WORK ORDER —
Using the line with "Виола Сюткина с бойфрендом Тором Виола" as your starting point, transcribe it and each line beneath it word for word until the records run out, without pictures.

THE INPUT —

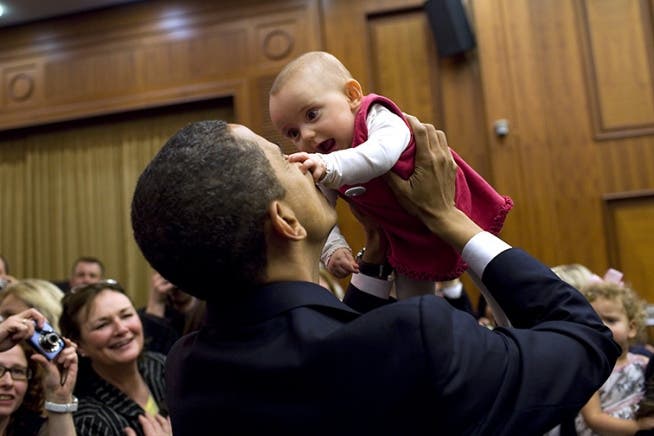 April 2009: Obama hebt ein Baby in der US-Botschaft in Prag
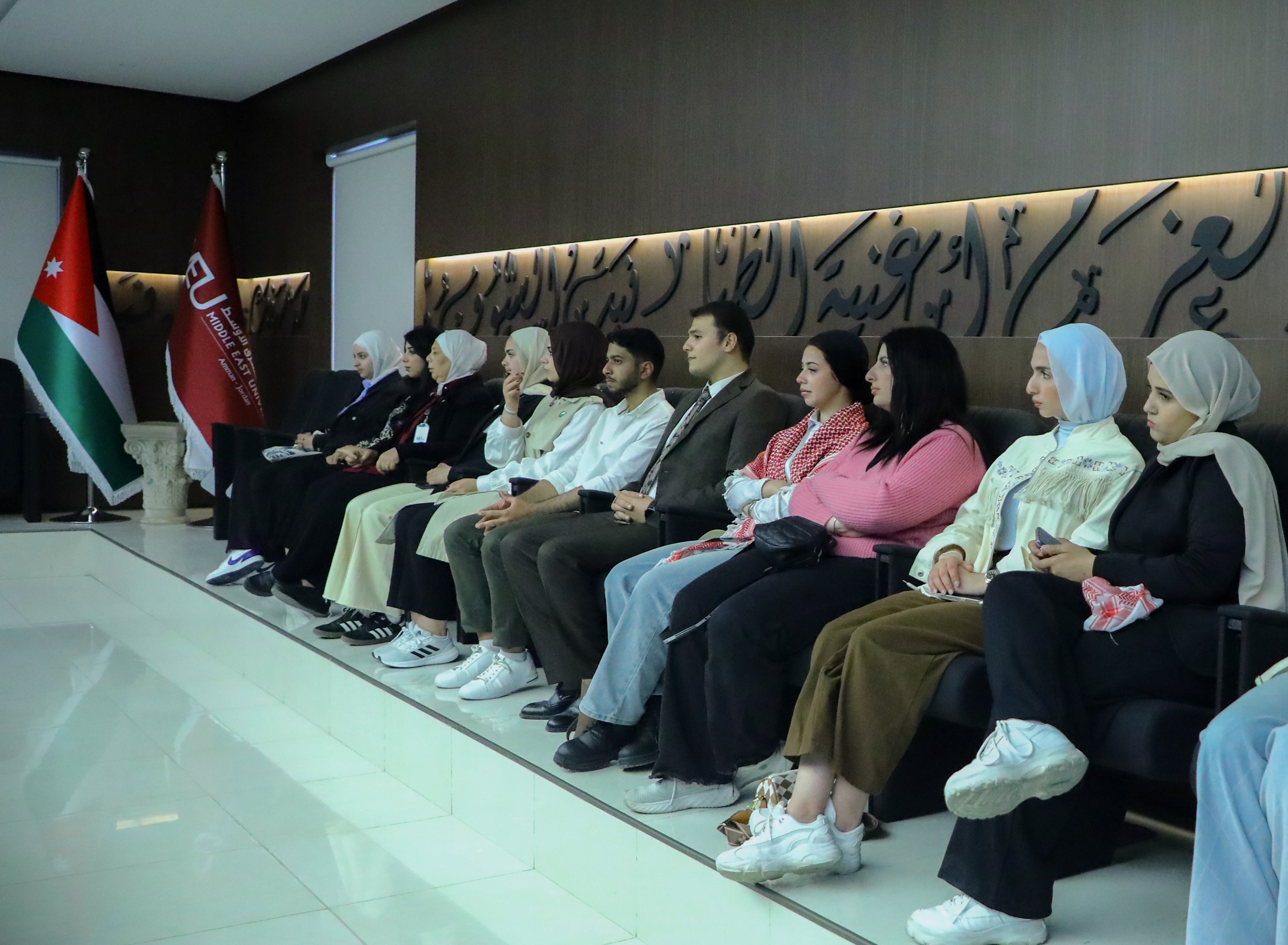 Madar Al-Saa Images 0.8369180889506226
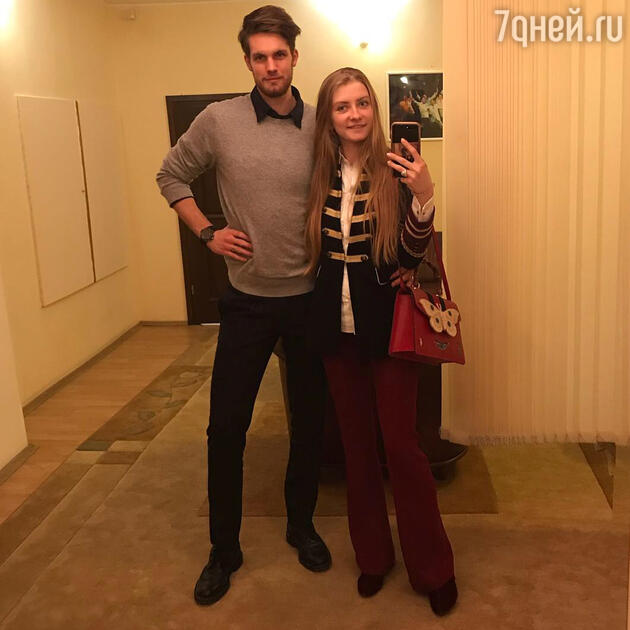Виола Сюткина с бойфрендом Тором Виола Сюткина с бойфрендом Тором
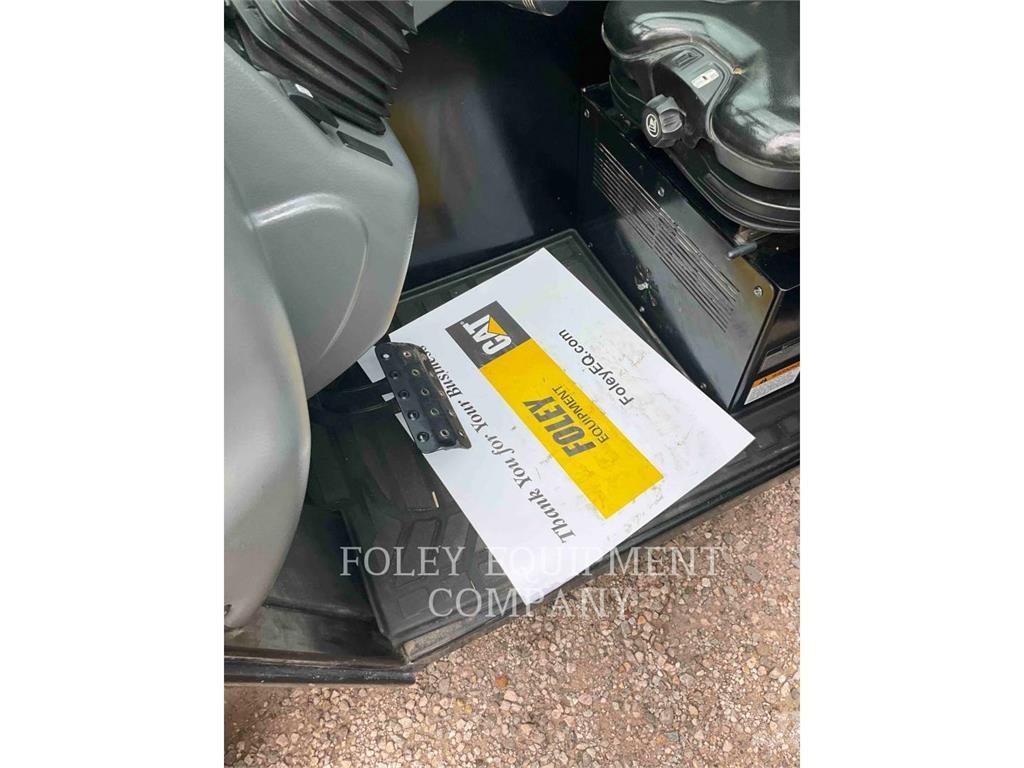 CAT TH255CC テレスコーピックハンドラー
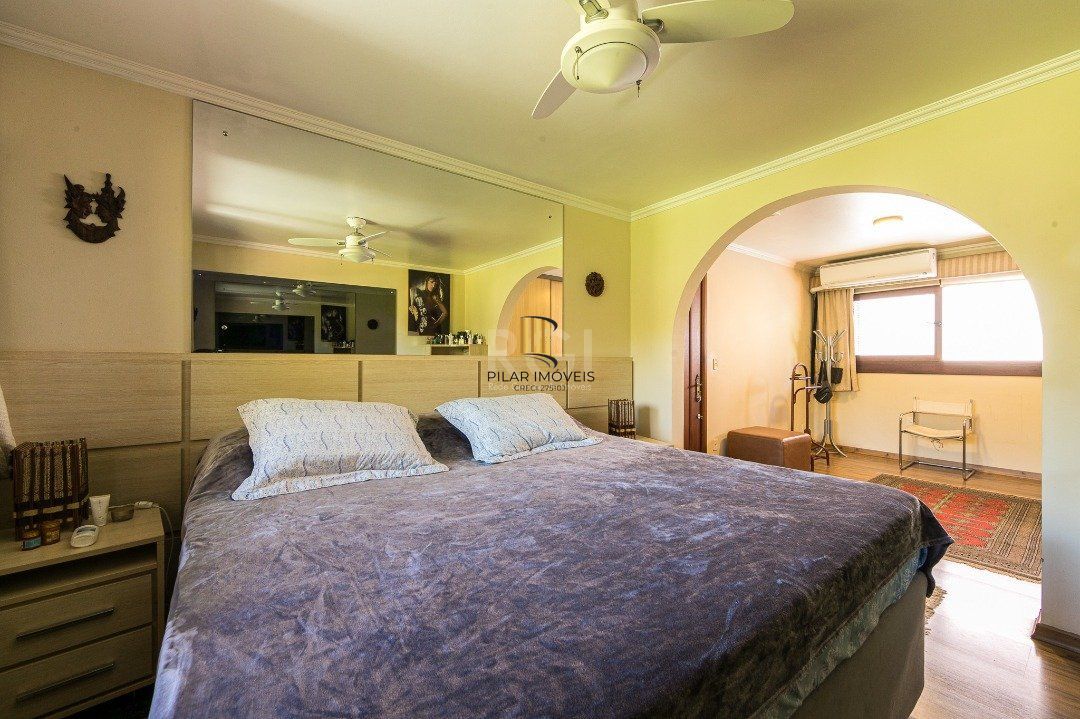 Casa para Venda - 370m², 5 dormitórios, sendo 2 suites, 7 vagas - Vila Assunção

RESULT —
Виола Сюткина с бойфрендом Тором Виола Сюткина с бойфрендом Тором
 CAT TH255CC テレスコーピックハンドラー
 Casa para Venda - 370m², 5 dormitórios, sendo 2 suites, 7 vagas - Vila Assunção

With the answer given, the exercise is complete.